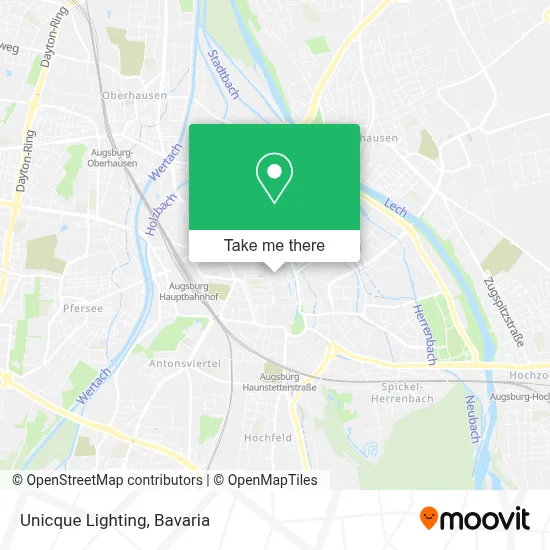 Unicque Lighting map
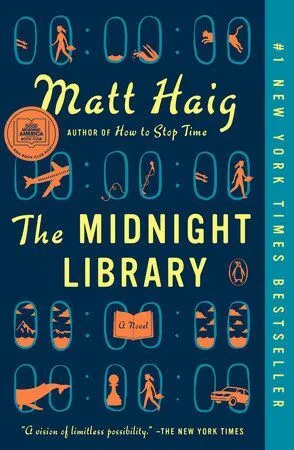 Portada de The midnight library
---
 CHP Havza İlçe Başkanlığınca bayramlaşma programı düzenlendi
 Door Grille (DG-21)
==
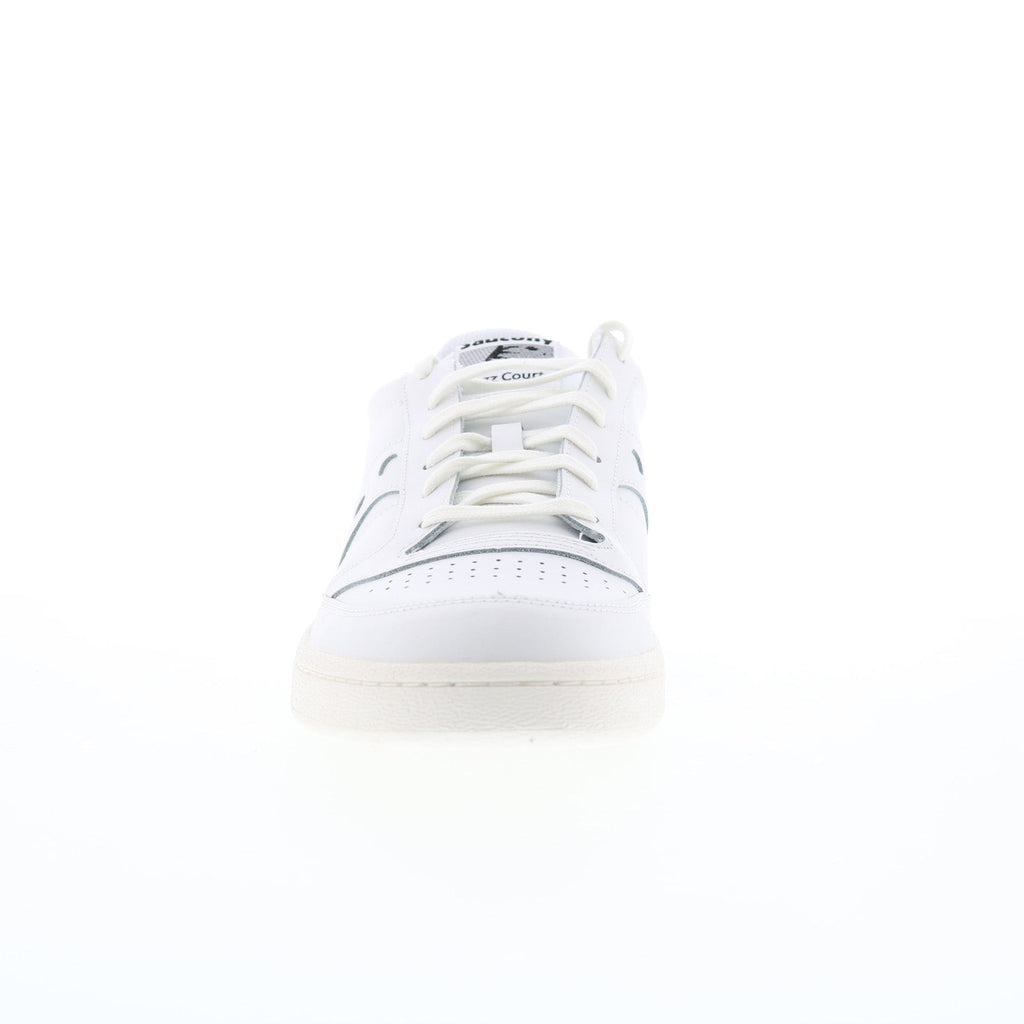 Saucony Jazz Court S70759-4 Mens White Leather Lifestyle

**EXERCISE GOAL:**
Lines from the one above containing "Unicque Lighting map" down to the one containing "Portada de The midnight library" should be transcribed exactly, with both ends kept and no pictures.

**ANSWER TO THIS TASK:**
 Unicque Lighting map
 Portada de The midnight library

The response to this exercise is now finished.